AMD reported Q4 2025 results on February 4, 2026, for the quarter ending December 27, 2025. This article assumes you already understand how AMD's four-segment business works, why the company is fabless, and what the CUDA vs ROCm software gap means for AMD's competitive position in AI. If you are starting fresh, read the AMD business model breakdown first.

The quarter produced record revenue, record net income, and record free cash flow across all segments. The data center number is the one that matters for anyone trying to understand where AMD is in the AI infrastructure race, and it deserves more than a headline.

The Quarter in One Sentence

Data center revenue grew 39% year over year to a record $5.4 billion. Everything else in this report should be read through that lens.

Q4 2025 Headline Results

Q4 2025 Headline Results
Metric Q4 2025 Q3 2025 Q4 2024 YoY Change
Revenue $10.270B $9.246B $7.658B +34%
GAAP gross margin 54% 52% 51% +3pp
Non-GAAP gross margin 57% 54% 54% +3pp
GAAP net income $1.511B $1.243B $0.482B +213%
Non-GAAP net income $2.519B $1.965B $1.777B +42%
GAAP diluted EPS $0.92 $0.75 $0.29 +217%
Non-GAAP diluted EPS $1.53 $1.20 $1.09 +40%
Adjusted EBITDA $3.048B $2.431B $2.198B +39%
Free cash flow $2.082B $1.530B $1.091B +91%
FCF margin 20% 17% 14% +6pp

The GAAP vs non-GAAP gap is large and worth understanding. The difference between GAAP net income ($1.511B) and non-GAAP net income ($2.519B) comes from four main items: stock-based compensation ($486M), amortization of acquisition-related intangibles ($557M), acquisition-related and other costs ($50M), and a $109M loss from discontinued operations related to the ZT Systems manufacturing business AMD divested in Q4. None of these items affect cash directly. FCF of $2.082B is the cleaner read on what the business generated in the quarter.

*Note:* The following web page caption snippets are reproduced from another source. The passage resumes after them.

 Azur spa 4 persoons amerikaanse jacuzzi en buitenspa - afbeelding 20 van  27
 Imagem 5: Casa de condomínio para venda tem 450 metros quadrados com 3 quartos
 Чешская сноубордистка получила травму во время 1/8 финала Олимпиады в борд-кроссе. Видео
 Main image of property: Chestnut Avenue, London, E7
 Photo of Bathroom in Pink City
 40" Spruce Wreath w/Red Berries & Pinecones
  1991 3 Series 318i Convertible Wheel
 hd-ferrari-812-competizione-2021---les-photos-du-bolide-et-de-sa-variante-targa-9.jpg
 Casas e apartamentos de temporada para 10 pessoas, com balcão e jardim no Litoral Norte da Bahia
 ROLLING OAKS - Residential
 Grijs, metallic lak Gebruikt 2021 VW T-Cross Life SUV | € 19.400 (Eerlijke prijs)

The GAAP net income jump of 213% year over year looks large relative to the non-GAAP 42% growth. The gap is explained by a Q4 2024 base that included $186M in restructuring charges and a $419M tax provision, both of which normalized in Q4 2025.

Full Year 2025

Full Year 2025
Metric FY2025 FY2024 YoY Change
Revenue $34.639B $25.785B +34%
Non-GAAP net income $6.831B $5.420B +26%
Non-GAAP EPS $4.17 $3.31 +26%
Adjusted EBITDA $8.521B $6.810B +25%
Free cash flow $5.519B $2.405B +129%
FCF margin 16% 9% +7pp

Free cash flow more than doubled year over year, from $2.405B to $5.519B. That improvement came partly from operating leverage and partly from working capital timing, but the direction is clear: AMD generates meaningfully more cash per dollar of revenue than it did in 2024.

Segment Breakdown

Segment Breakdown
Segment Q4 2025 Q3 2025 Q4 2024 YoY Share of Revenue
Data Center $5.380B $4.341B $3.859B +39% 52%
Client $3.097B $2.750B $2.313B +34% 30%
Gaming $0.843B $1.298B $0.563B +50% 8%
Embedded $0.950B $0.857B $0.923B +3% 9%
Total $10.270B $9.246B $7.658B +34% 100%
Segment FY2025 FY2024 YoY
Data Center $16.635B $12.579B +32%
Client $10.640B $7.054B +51%
Gaming $3.910B $2.595B +51%
Embedded $3.454B $3.557B -3%
Total $34.639B $25.785B +34%

Data Center: The Segment That Defines This Stock

Data center generated $5.380 billion in Q4 2025, up 39% year over year and 24% sequentially. For the full year, the segment produced $16.635 billion, up 32% from $12.579 billion in 2024.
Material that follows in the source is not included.